[Exercise aim] Look below for the line containing "Tembe Elephant Lodge". Write out that line and the rest through the last one, exactly as they appear, but without pictures.

[Dataset extract]
=======

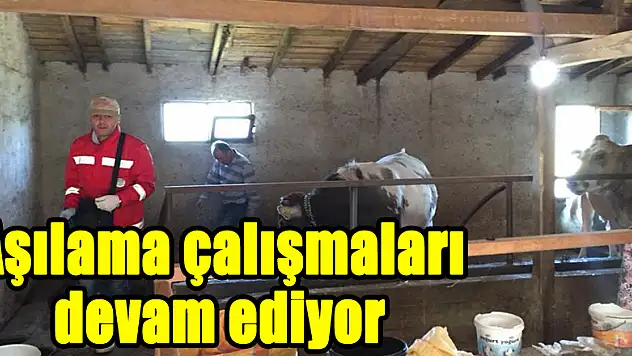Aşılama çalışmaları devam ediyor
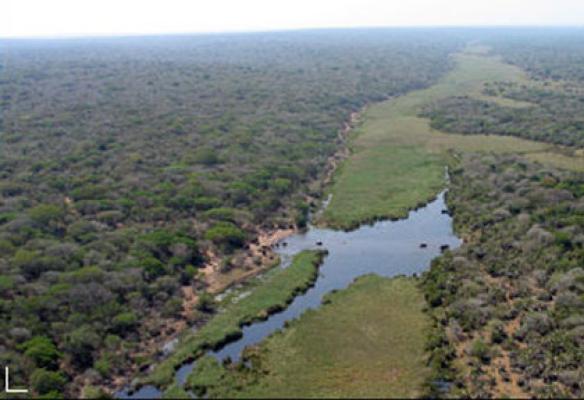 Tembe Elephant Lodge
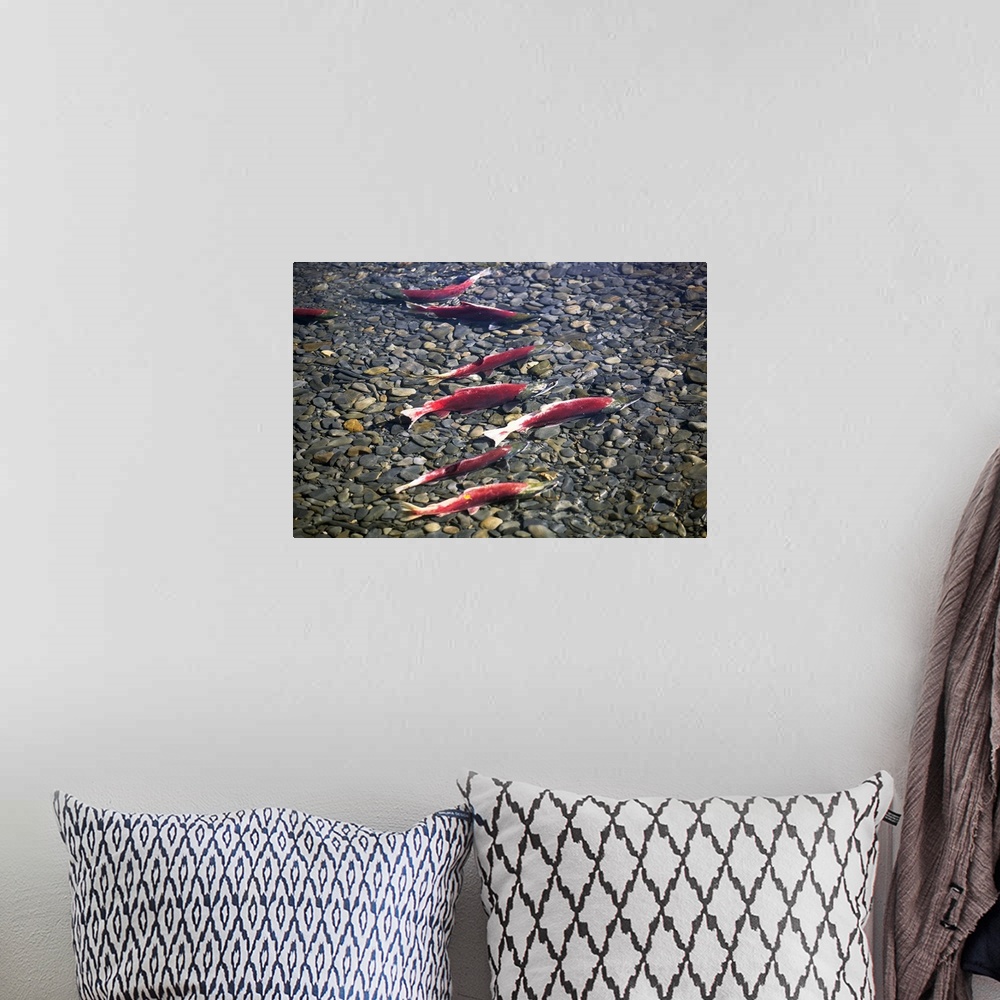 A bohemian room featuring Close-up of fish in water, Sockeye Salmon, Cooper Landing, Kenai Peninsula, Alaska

=======

[The answer]
 Tembe Elephant Lodge
 A bohemian room featuring Close-up of fish in water, Sockeye Salmon, Cooper Landing, Kenai Peninsula, Alaska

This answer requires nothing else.